Abstract

Edge computing provides new possibilities for Deep Neural Network (DNN) applications, but the constrained resources of edge devices pose limitations to real-time inference execution. Much effort has been devoted to DNN pruning. However, conventional pruning methods often cause degradation of the detection accuracy. In this work, we try to answer how pruning can be performed without paying the price of performance loss. Conventional filter-level pruning methods remove filters demanded as less important. The drawback is that the pruned information is lost, and the detection accuracy deteriorates. To address this issue, we propose a new filter-level pruning method to enable real-time inference execution of DNNs on edge devices, while minimizing the detection accuracy drop. Our proposed pruning method analyzes layers' properties to assign to each layer a different pruning ratio, proportional to how much pruning the layer will impact the overall detection accuracy. Inside each layer, a percentage of filters that produce similar information is removed. Experimental results show that our pruning method yields accurate and compact DNNs, with minimal loss in performance.

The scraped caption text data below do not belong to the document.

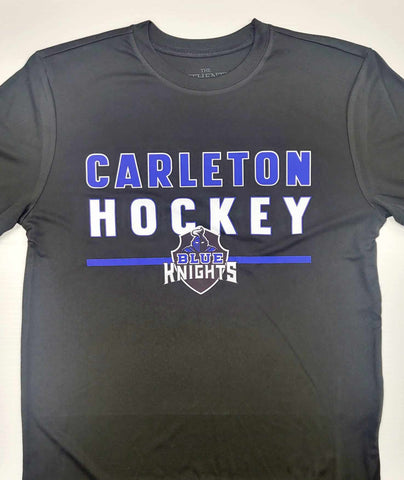 Carleton Blue Knights Dry Fit Longsleeve Shirt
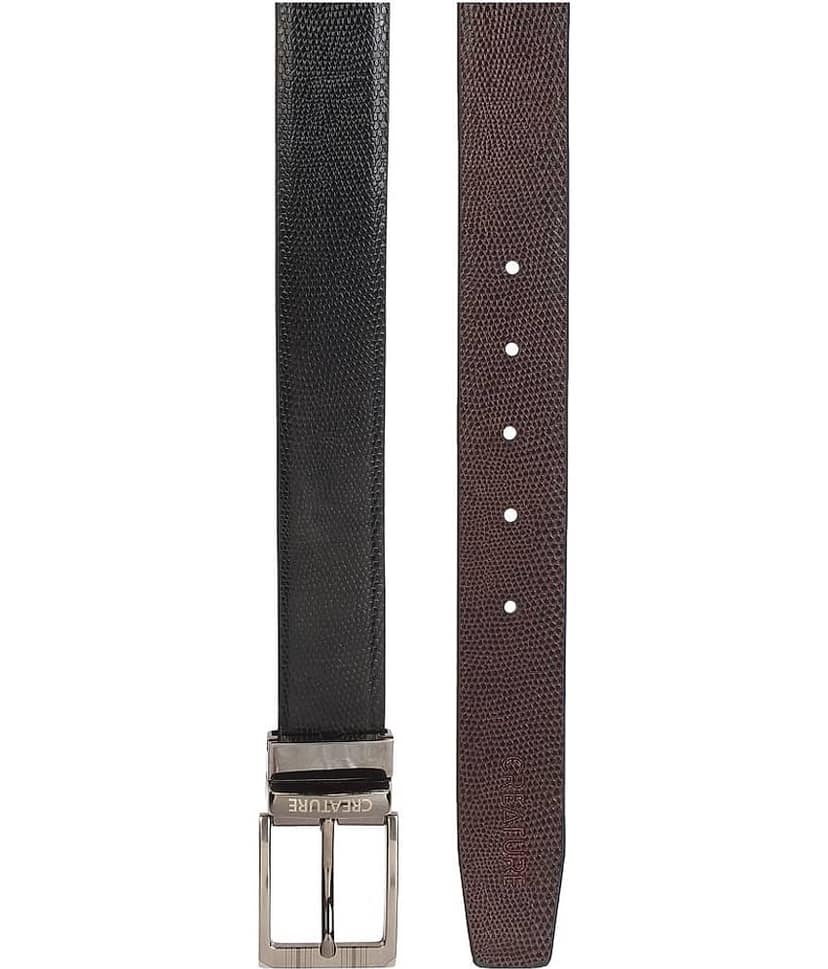Creature Black PU Formal Belt view 2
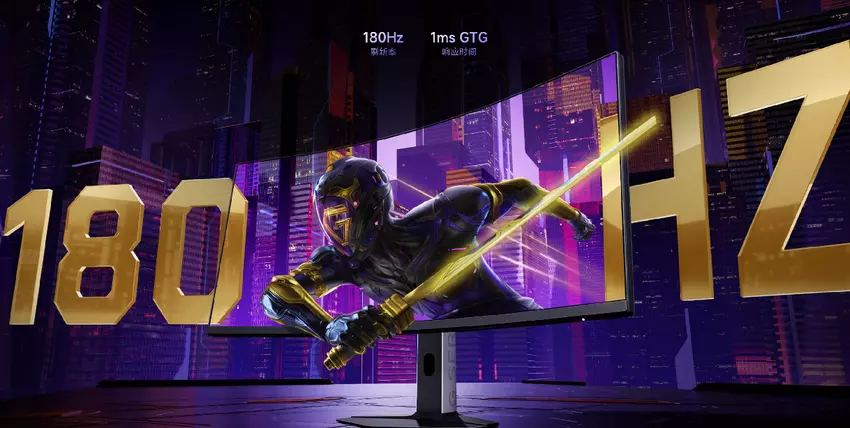 34 cale, 180 Hz i tylko za 740.74 PLN (200 USD): Xiaomi zaprezentowało budżetowy monitor gamingowy Redmi G34WQ 2026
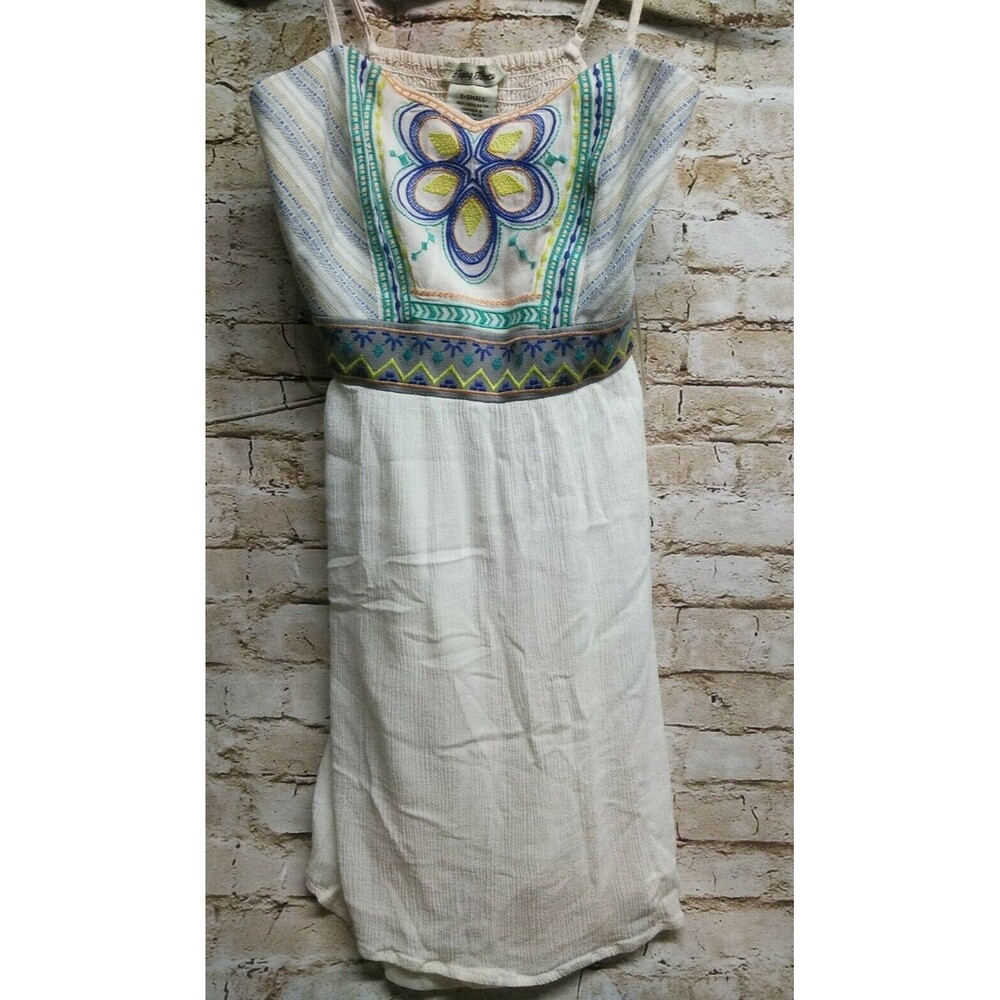 Flying Tomato Women's Dress Size X Small Short Mini Dress Boho Spaghetti Strap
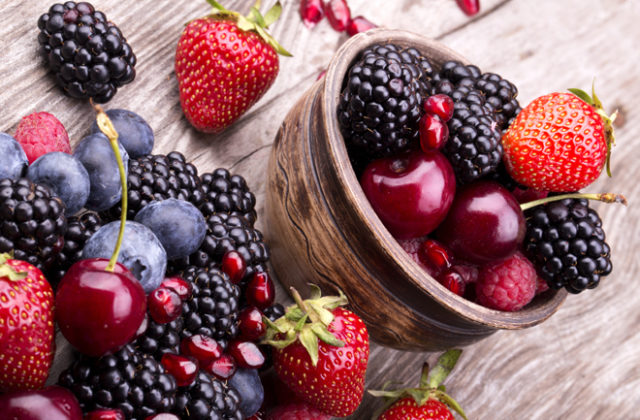 Fruta rica en fibra para perder peso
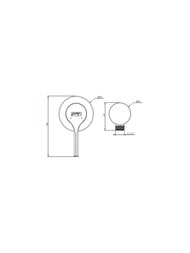 ��������� Jacob Delafon Elate E25754-CP ��� ����, ������������, �������������, �� �����.�����., ����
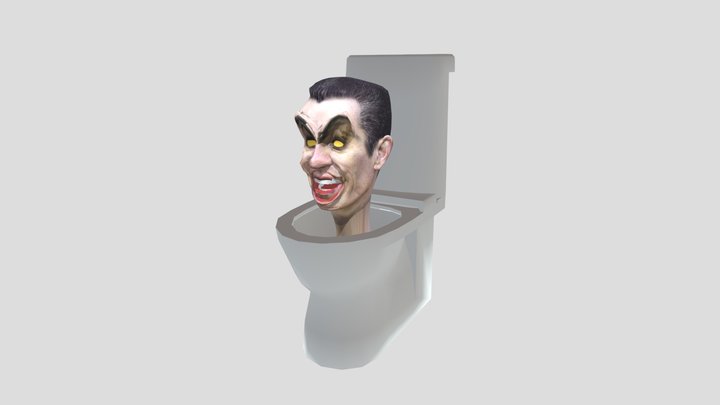 G toilet 3D Model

For a custom object detection network, based on the popular YOLO v3, we reduce the network filters by 60% and floating-point operations (FLOPs) by 80%. Experimental evaluations on Jetson Nano demonstrate that our proposed pruning method increases the inference speed by 16%. Compared to the original heavy network, the pruned network achieves a comparable accuracy, but with significantly lower memory usage and computational cost, making the solution suitable for real-time inference.